His encounters with the men and women who currently populate the northland are well drawn. After a while, though, certain prejudices appear in what he chooses to describe. Zigzagging across a 4,000-mile border involves encounters with plenty of border agents, none of them ever smiling. A tour group “shuffling around” a museum greets the guide’s stories (“trivia”) with “blank stares,” while the author notes that an octogenarian’s comb-over “was a work of art.”

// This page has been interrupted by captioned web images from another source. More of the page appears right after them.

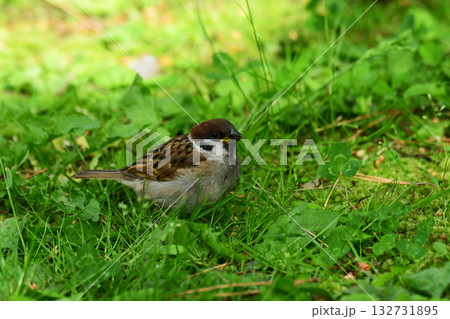 草の上に立つスズメの幼鳥 132731895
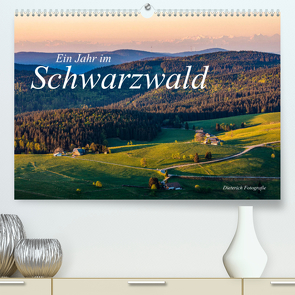 Ein Jahr im Schwarzwald (Premium, hochwertiger DIN A2 Wandkalender 2023, Kunstdruck in Hochglanz) von Dieterich,  Werner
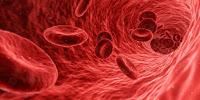 Vínculan los glóbulos rojos con el deterioro cognitivo causado por la Edad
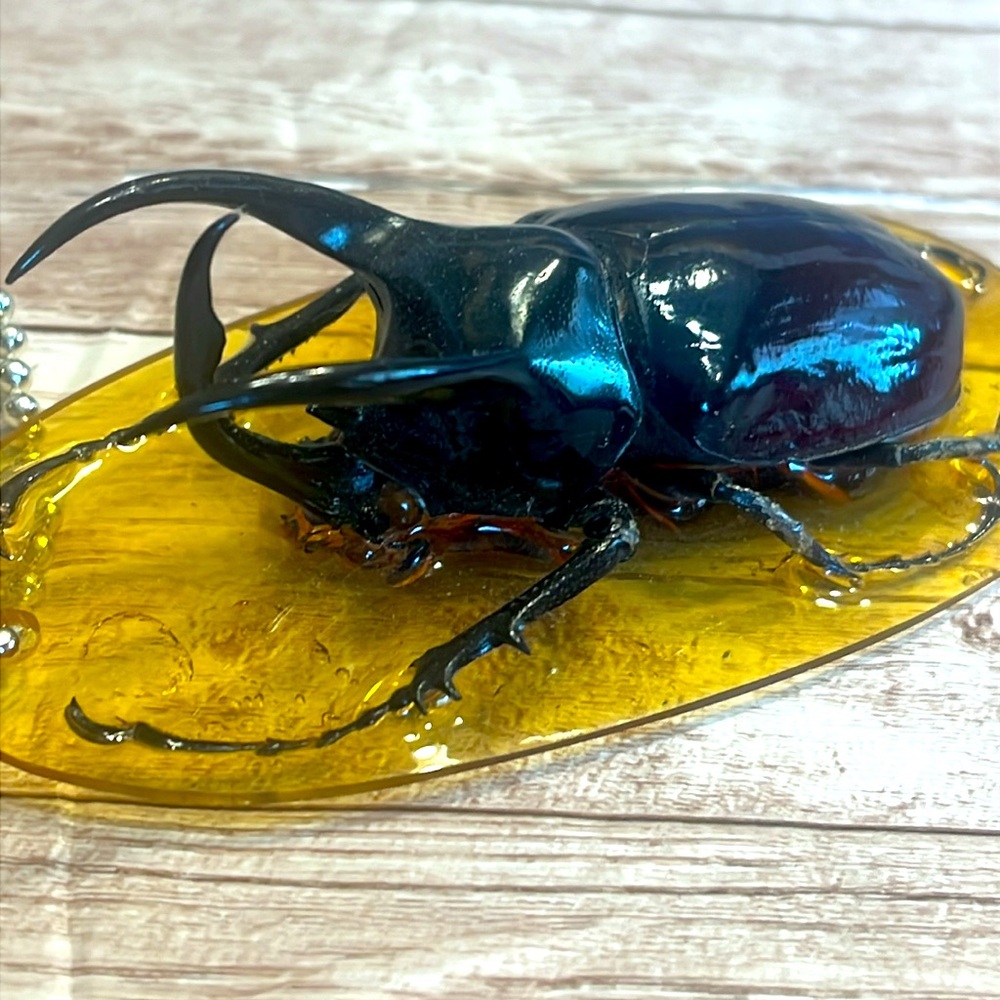 Megasoma rex (actaeon), rhino beetle, rhinocerus beetle, giant beetle from Peru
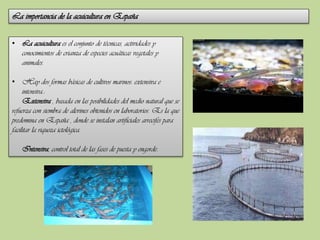 La importancia de la acuicultura en España
• La acuicultura es el conjunto de técnicas, actividades y
conocimientos de crianza de especies acuáticas vegetales y
animales.

• Hay dos formas básicas de cultivos marinos: extensiva e
intensiva.:
Extensiva , basada en las posibilidades del medio natural que se
refuerza con siembra de alevines obtenidos en laboratorios. Es la que
predomina en España , donde se instalan artificiales arrecifes para
facilitar la riqueza ictológica.
Intensiva, control total de las fases de puesta y engorde.

 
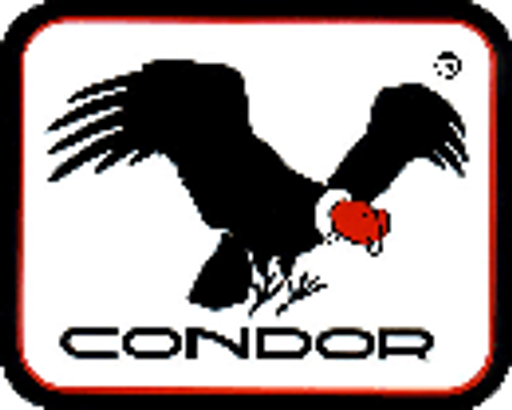 CONDOR logo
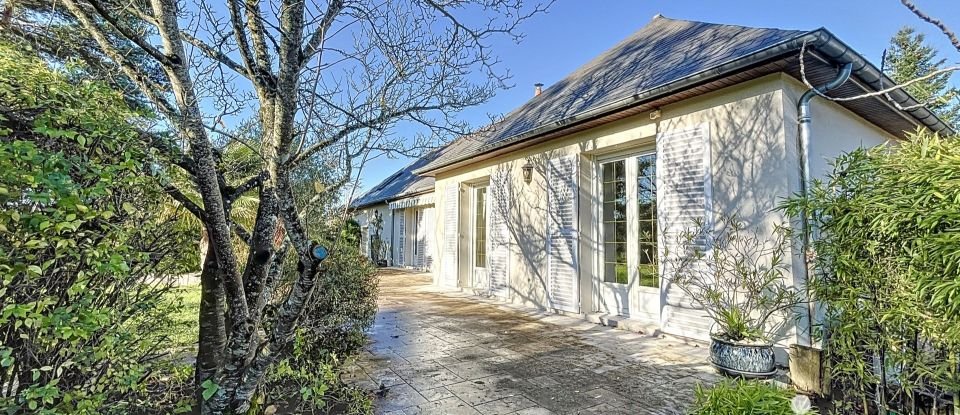 Maison traditionnelle 8 pièces de 241 m² à Montlouis-sur-Loire (37270)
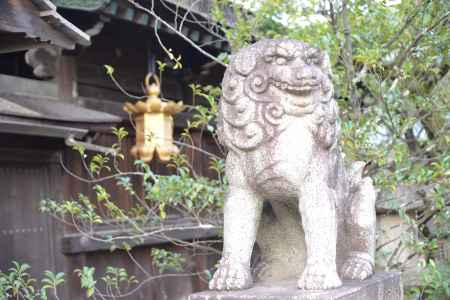 北野天満宮狛犬１０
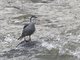 Torrent Duck (Merganetta armata)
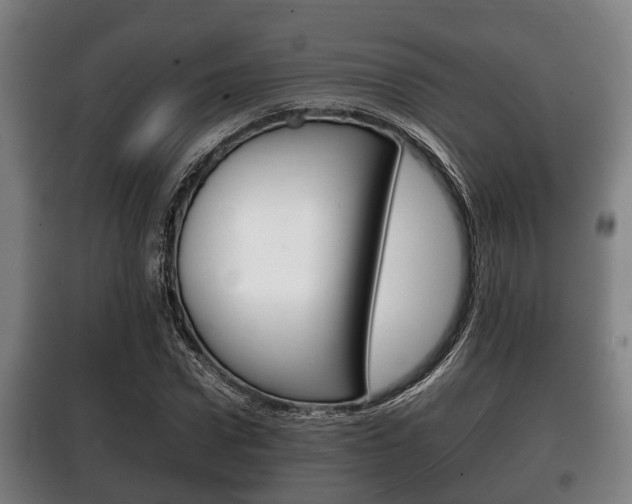 X0000100410922200806060922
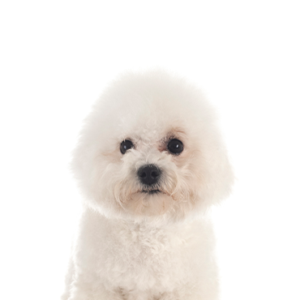 Petland Summerville, South Carolina Pet Store Bichon Frise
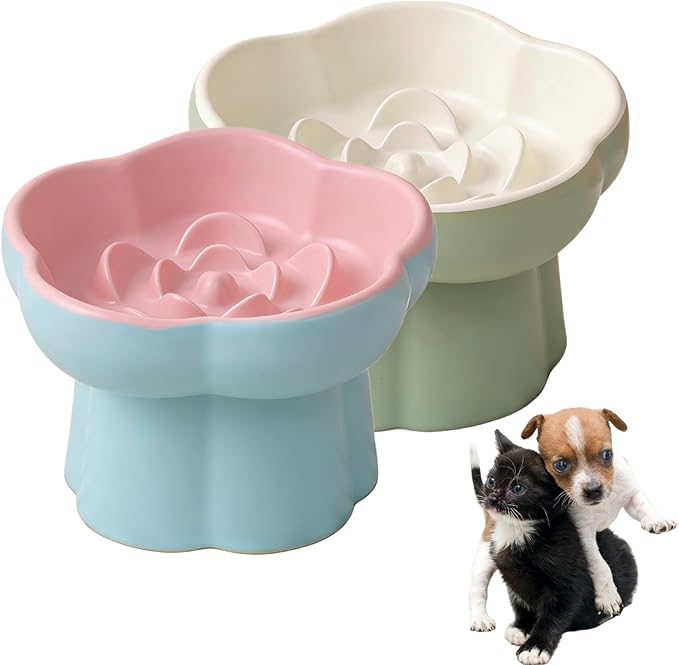 Ceramic Elevated Slow Feeder Cat Bowl,Anti Vomit Design for Whisker Fatigue Relief,Elevated Slow Feeder Bowls for Indoor Cats&Small Breeds,Perfect for Wet Food&Small Dogs (2, Green & Blue)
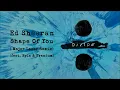 ED SHEERAN - Shape Of You (Major Lazer Remix) [feat. Nyla & Kranium]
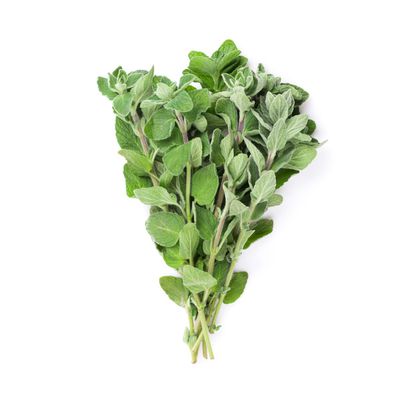 Organic Oregano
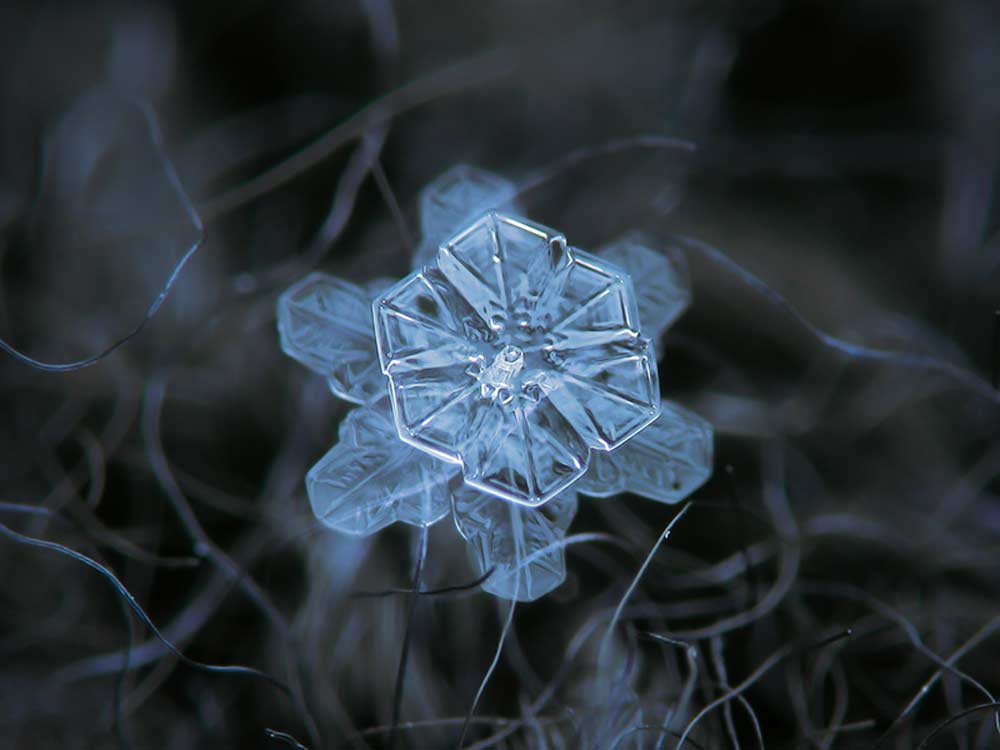 snowflake-06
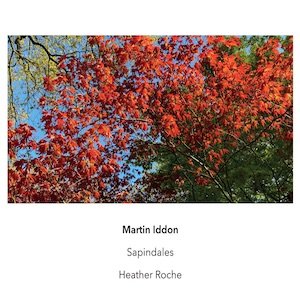 画像1: Martin Iddon "Sapindales" [CD]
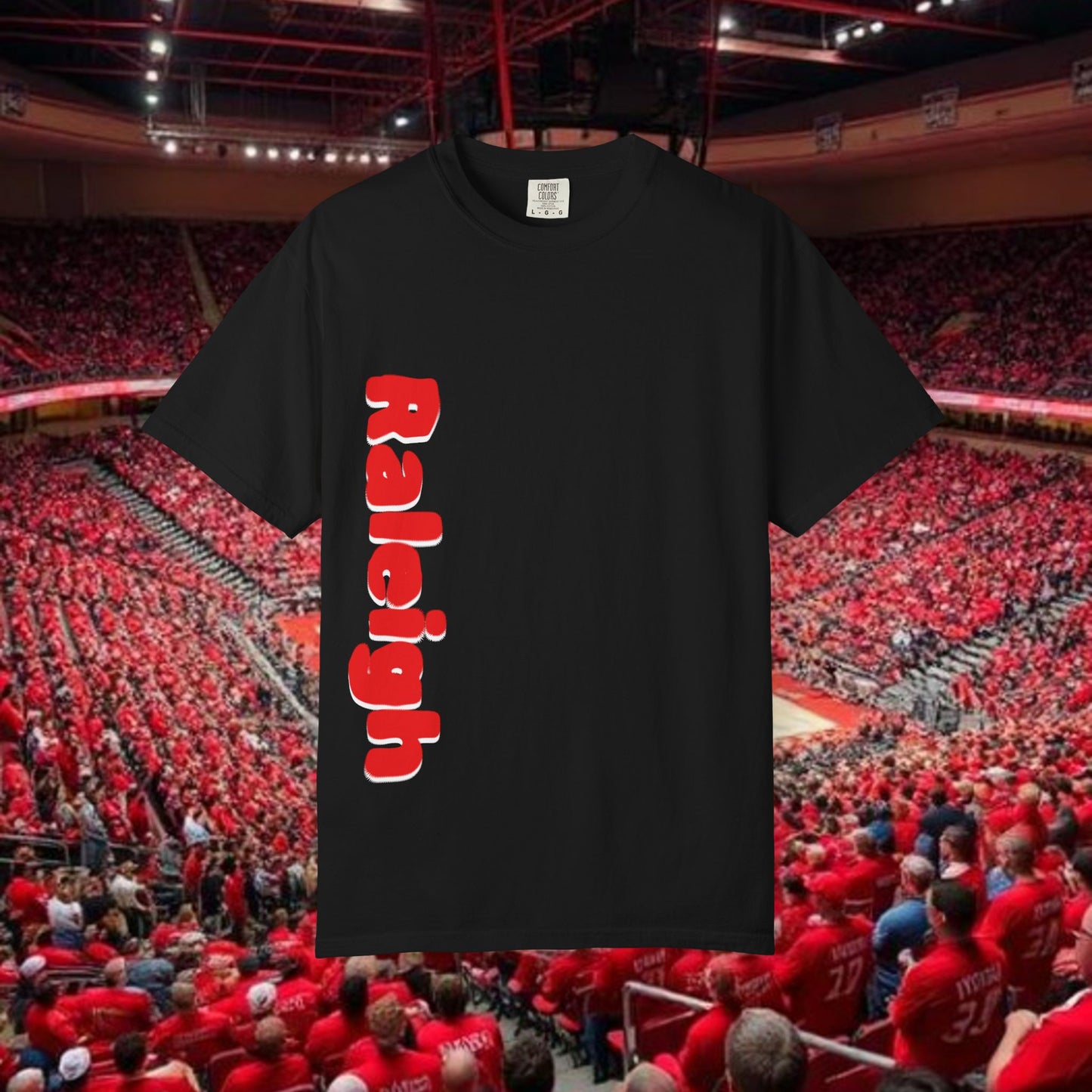 Raleigh Graphic Unisex Garment-Dyed T-shirt, Sports Fan Tee, College Apparel, Gift for Him/Her, Casual Wear, Spirit Wear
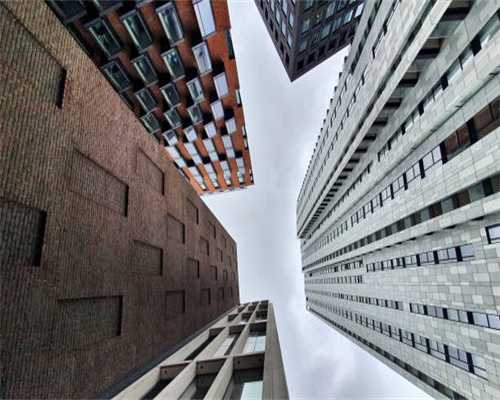 2024-2030年中国三螺杆泵市场深度研究及投资策略分析报告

At the end of the line, something about the book doesn’t quite click. Despite his statement at the beginning that, “There was no time line,” there are occasions when the reader feels he travels from stop to stop like the much-mocked birdwatcher searching just to check off a species on his life-list. When in Montana, Fox finally sees “the cut” (the actual border line; much of it has till now been mid-stream in the water and so invisible), he asks the border agent if he can walk along it. “You’re gonna want to tell the patrol before you do something like that,” he’s told. Fox apparently is satisfied to leave it that.

There is also something about describing the 49th parallel as the northland that grates, although Fox says that that’s what “northlanders” call it. The hard geographical reality is that the northland is the north of Canada. For this reader, Fox’s “arcadian concept” felt too much like a self-conscious construct, with more than a hint of “Game of Thrones.”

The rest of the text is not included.